En mettant en image quasiment à la seconde près les retransciptions des enregistrements audio de la perquisition, l'interrogatoire puis l'arrestation de Reality Winner, Tina Satter, qui réalise l'adaptation de sa propre pièce, délivre une experience cinématographique audacieuse et en tension constante, qui tour à tour et déconcerte et inquiète par son aspect documentaire. C'est dans la zone grise de l'image manquante de cette source audio que la réalisatrice met en scène la réalité, dans une subtile et ludique expérience de cinéma. Toute la force fictionnelle trouve alors son plein potentiel dans cet espace circonscrit par une unité resserrée de temps et de lieu.
Très vite le film se dévoile alors en un anxiogène huis clos qui, s'il est évidemment un objet politique, se présente par moments au spectateur sous d'originales allures horrifiques. En imaginant le comportement, les mimiques, les corps des agents qui ont procédé à l'arrestation, Tina Satter trouve le juste angle pour distiller un décalage et une excentricité inquiétantes et surréelles qui saisissent, bien aidée par la géniale bande originale de Nathan Micay, très proche d'un Oneohtrix Point Never.
Même, et c'est remarquable, par la manière dont elle croque les personnages des agents, leurs regards, leurs corps (muscles, ventres, fesses sont très moulés), leurs postures et mouvements qui réduisent parfois la distance entre eux et Reality, et par la façon dont elle les fait pénétrer dans le cadre qu'on voudrait protecteur, la réalisatrice convoque tout un arsenal pictural féministe et déploie un female gaze insolent et réjouissant.
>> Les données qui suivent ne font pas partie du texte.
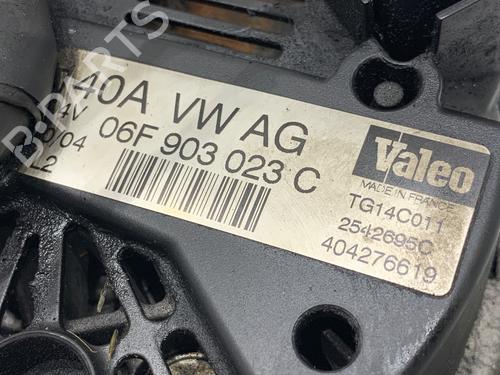 Alternator VW GOLF V (1K1) 2.0 TDI | BP40250538M7 - Image 4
La fragile et en apparence innocente Reality devient, outre une lanceuse d'alerte et un symbole martyr de la lutte contre l'administration Trump, une figure de femme puissante, dressée contre un président hostile aux femmes et, plus largement, une démocratie rouillée qui condamne ceux qui, en en combattant certains travers, la serve mieux que beaucoup.
Dans sa toute fin, le film penche un peu trop en la faveur de son personnage, s'éloignant un peu de l'habile flou qui flottait autour d'elle. En balançant entre le désir de vérité d'agents fédéraux aux aux techniques verbales manipulatrices, qu'elle expose et décortique de manière passionnante, et l'allure faussement naïve et donc troublante de Reality, la réalisatrice touchait au plus juste.
Si certains effets de style sont parfois en trop, la bizarrerie du film vient avant tout de son esthétique glacée et de son minimalisme, autant résultat de son économie de moyen que volonté d'épure esthétique.
En tout cela, au-delà même de son propos politique fort (d'autant plus en France où rares sont ceux qui étaient au courant de cette affaire encore chaude), Reality, pour son originalité formelle et son troublant jeu de cinéma, est une œuvre à part, et une expérience plus que recommandée.
De l'art de faire du grand avec trois fois rien.